Copy each line from the records below in which the word "check" is found.
══ Data under study
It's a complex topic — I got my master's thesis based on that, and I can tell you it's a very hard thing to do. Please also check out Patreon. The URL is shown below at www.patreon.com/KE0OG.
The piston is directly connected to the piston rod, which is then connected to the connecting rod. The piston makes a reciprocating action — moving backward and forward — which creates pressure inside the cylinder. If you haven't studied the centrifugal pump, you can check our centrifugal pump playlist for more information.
════
══ Data under study
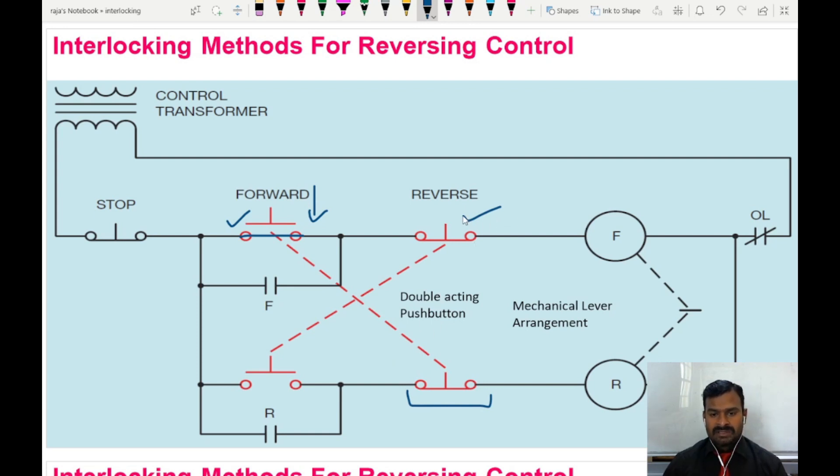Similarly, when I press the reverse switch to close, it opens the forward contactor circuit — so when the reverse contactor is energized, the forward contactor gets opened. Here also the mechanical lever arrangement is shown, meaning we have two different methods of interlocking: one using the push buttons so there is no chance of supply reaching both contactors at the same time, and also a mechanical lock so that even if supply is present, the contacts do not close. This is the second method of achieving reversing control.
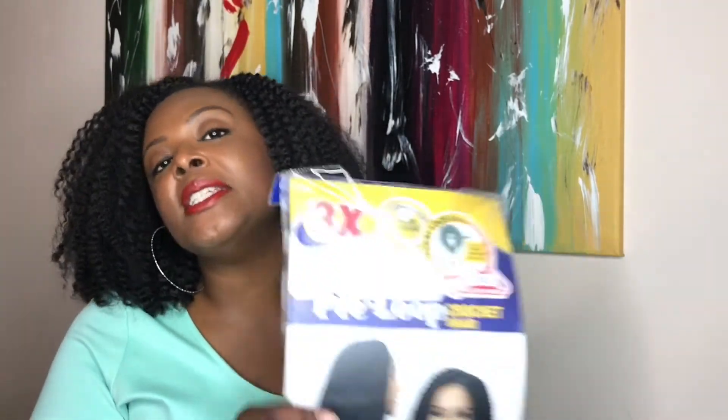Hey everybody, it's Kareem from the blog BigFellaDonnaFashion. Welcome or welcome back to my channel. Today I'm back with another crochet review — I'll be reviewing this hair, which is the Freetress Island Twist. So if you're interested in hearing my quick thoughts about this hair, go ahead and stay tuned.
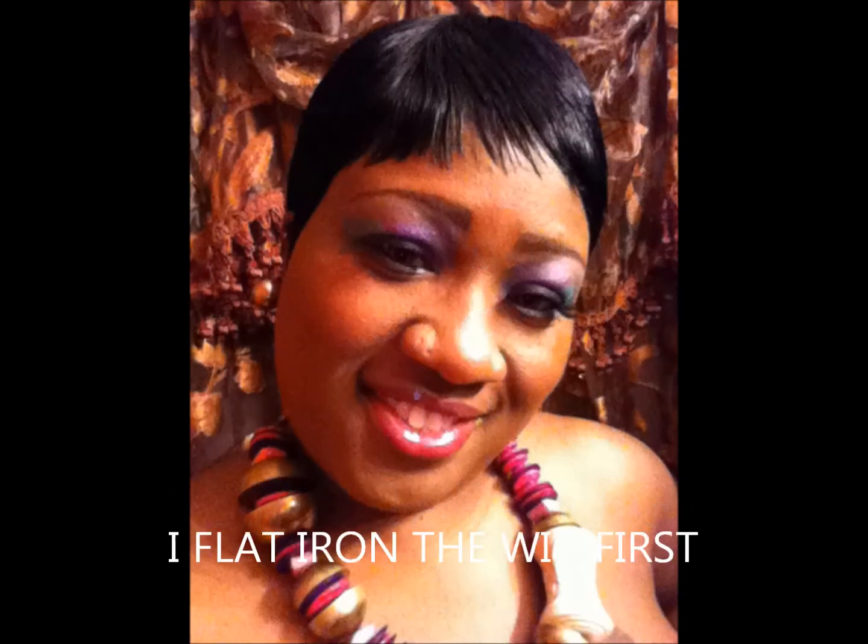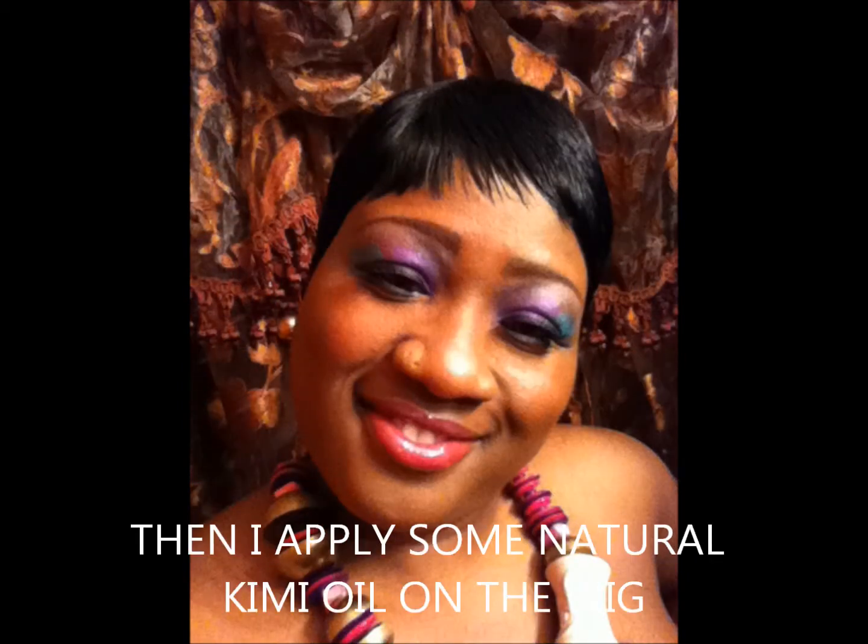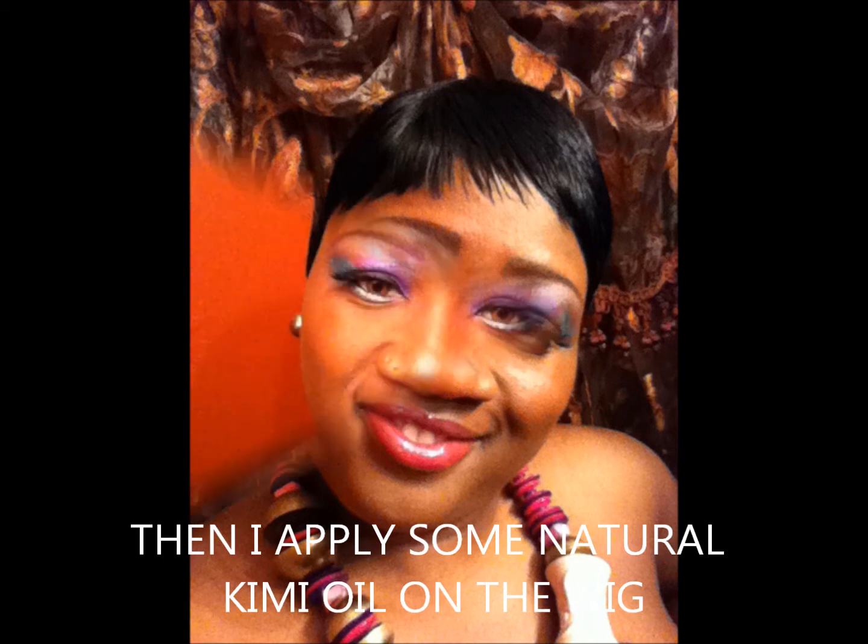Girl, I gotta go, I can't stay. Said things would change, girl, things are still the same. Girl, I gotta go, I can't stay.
════
[Task solution]
It's a complex topic — I got my master's thesis based on that, and I can tell you it's a very hard thing to do. Please also check out Patreon. The URL is shown below at www.patreon.com/KE0OG.
The piston is directly connected to the piston rod, which is then connected to the connecting rod. The piston makes a reciprocating action — moving backward and forward — which creates pressure inside the cylinder. If you haven't studied the centrifugal pump, you can check our centrifugal pump playlist for more information.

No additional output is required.